Uma vez que a Cofiex aprovou a carta-consulta, pontua o secretário, a Prefeitura de Aracaju foi autorizada formalmente a negociar com o banco as condições do empréstimo, reunindo-se com as equipes técnicas de maneira a observar a viabilidade econômico-financeira da operação, as salvaguardas ambientais, seguindo os padrões nacionais e internacionais, e também as garantias sociais. As conversas envolvem visitas in loco e disponibilização de informações sobre a saúde financeira do município.
“São discussões multidisciplinares, em que o banco aponta o tipo de exigência e a gente busca negociar, a partir da nossa experiência de gestão e compreensão da própria dinâmica da cidade. É uma etapa de ajuste entre o financiador e os mutuários. Depois que chegamos a um consenso, submetemos a proposta à direção do banco, nesse caso ao board, em Shangai, e o conselho aprovou a operação”, lembra o gestor.
Uma vez aprovado pelo pela direção do banco, o empréstimo é submetido à análise da Secretaria do Tesouro, que é notificada sobre a autorização dada pela Cofiex, o acordo celebrado em relação às condições, para que decida se o Governo Federal será avalista.
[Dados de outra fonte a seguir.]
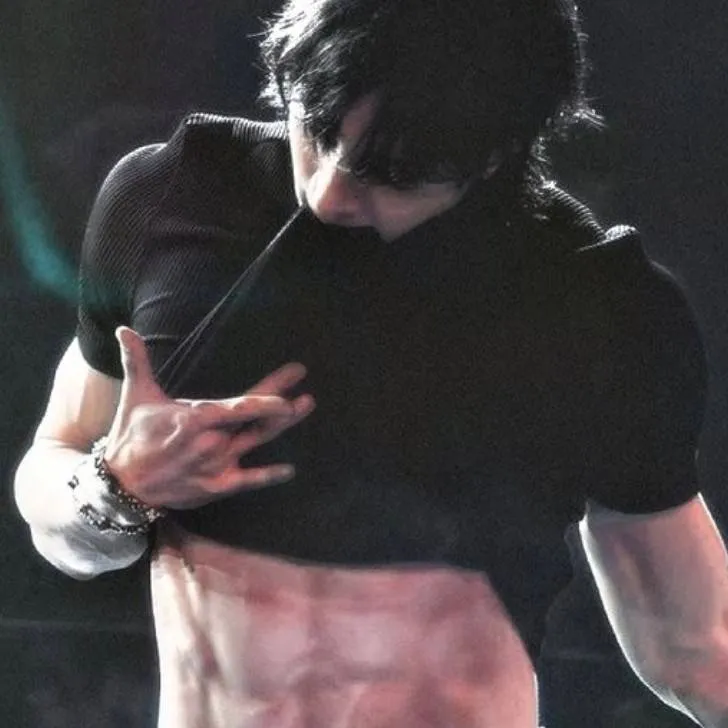 chat with ai character: Bangchan 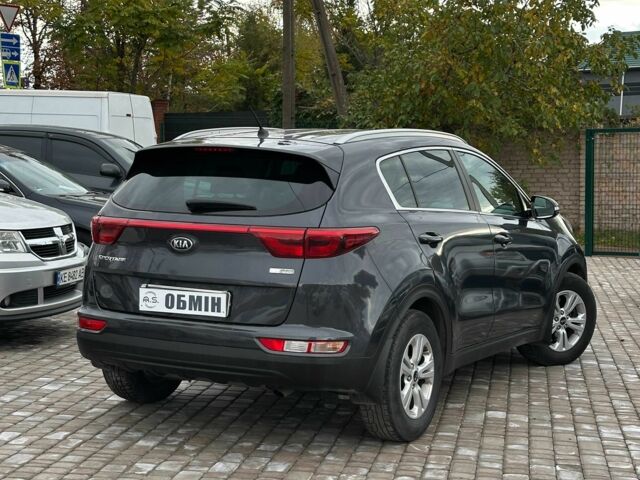 Кіа Sportage 2017 у Кривому Розі на Automoto.ua Сірий Кіа Sportage, об'ємом двигуна 1.7 л та пробігом 137 тис. км за 16150 $, фото 2 на Automoto.ua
Para tanto, um novo escrutínio das situação econômico-financeira da Prefeitura de Aracaju foi realizado, para assegurar à União que o município atinge todos os requisitos necessários, como o cumprimento dos investimentos mínimos em saúde, educação, as despesas com pessoal, além de todo um conjunto de regramentos e o estudo minucioso das demonstrações contábeis.
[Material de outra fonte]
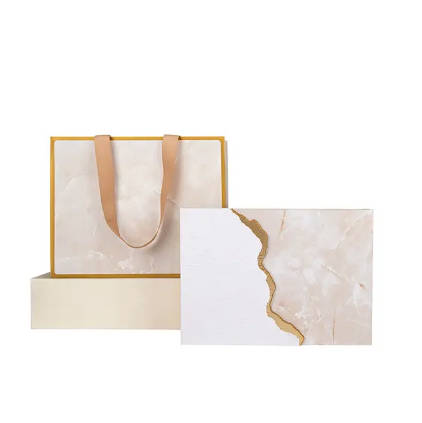 Cosmetic Packaging Options: Plastic, Glass, Porcelain & Paper - Your Guide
Após tudo isso, a Secretaria do Tesouro emitiu um relatório apontando o seguinte: Aracaju cumpre todos os requisitos e demonstrou a capacidade de contrair o empréstimo e honrar com os pagamentos, por isso a União pode ser garantidora. Então, a STN encaminhou esse documento ao Ministério da Economia, que o submeteu à Procuradoria Geral da Fazenda Nacional (PGFN). Esta, por sua vez, convoca o município, o banco e a Cofiex para elaborar as minutas dos contratos de empréstimo, de garantia e de internacionalização da moeda. Depois que os termos são acordados, feitos os ajustes de redação, com a aprovação de todos os envolvidos, a PGFN emite os documentos finais e os envia ao Senado, com a autorização e parecer favorável tanto do Ministério da Economia quanto da Presidência da República.
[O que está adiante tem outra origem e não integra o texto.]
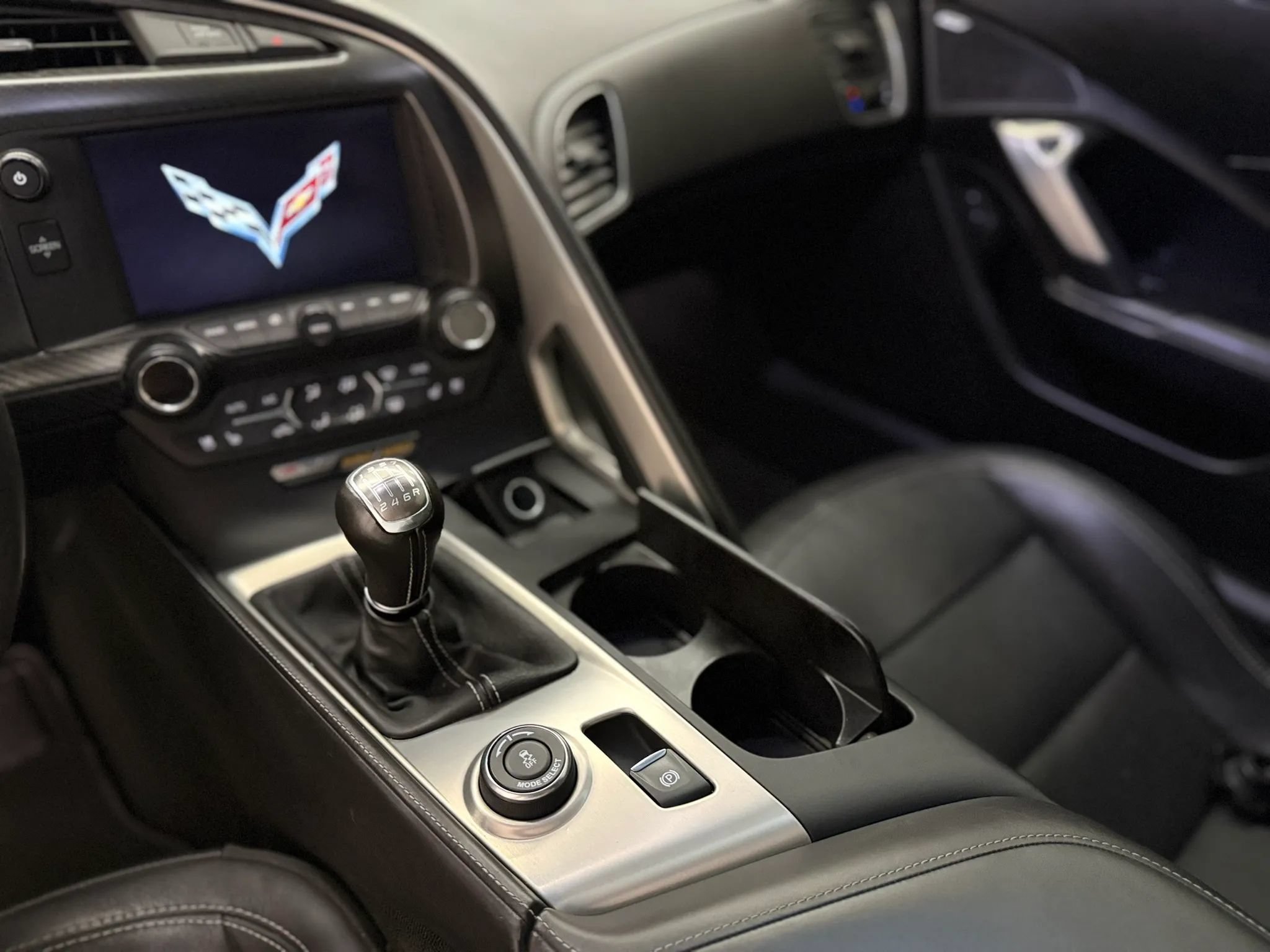 Used 2015 Chevrolet Corvette Z06 w/ 3LZ Preferred Equipment Group RWD image 14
No Senado, a comissão de Assuntos Econômicos avalia novamente a operação, as análises citadas anteriormente e então delibera se o empréstimo é passível de receber o aval da União ou não. Mais uma vez, houve êxito e, em um dia, a operação foi aprovada tanto na comissão quanto no plenário, por unanimidade. O presidente do Senado promulgou a resolução e a encaminhou para a Presidência da República, para assinatura daqueles contratos finais, o que deverá ocorrer ainda neste mês de setembro.
Todo esse processo durou cerca de dois anos e o programa Aracaju Cidade do Futuro traz consigo uma nova fronteira de desenvolvimento econômico, aliado com a melhora sensível da qualidade de vida de quem reside atualmente em bairros da antiga Zona de Expansão. Os recursos provenientes deste empréstimo levarão urbanização para várias localidades, com rede de micro e macrodrenagem, pavimentação e esgotamento sanitário, promovendo transformações profundas e valorizando aquela área.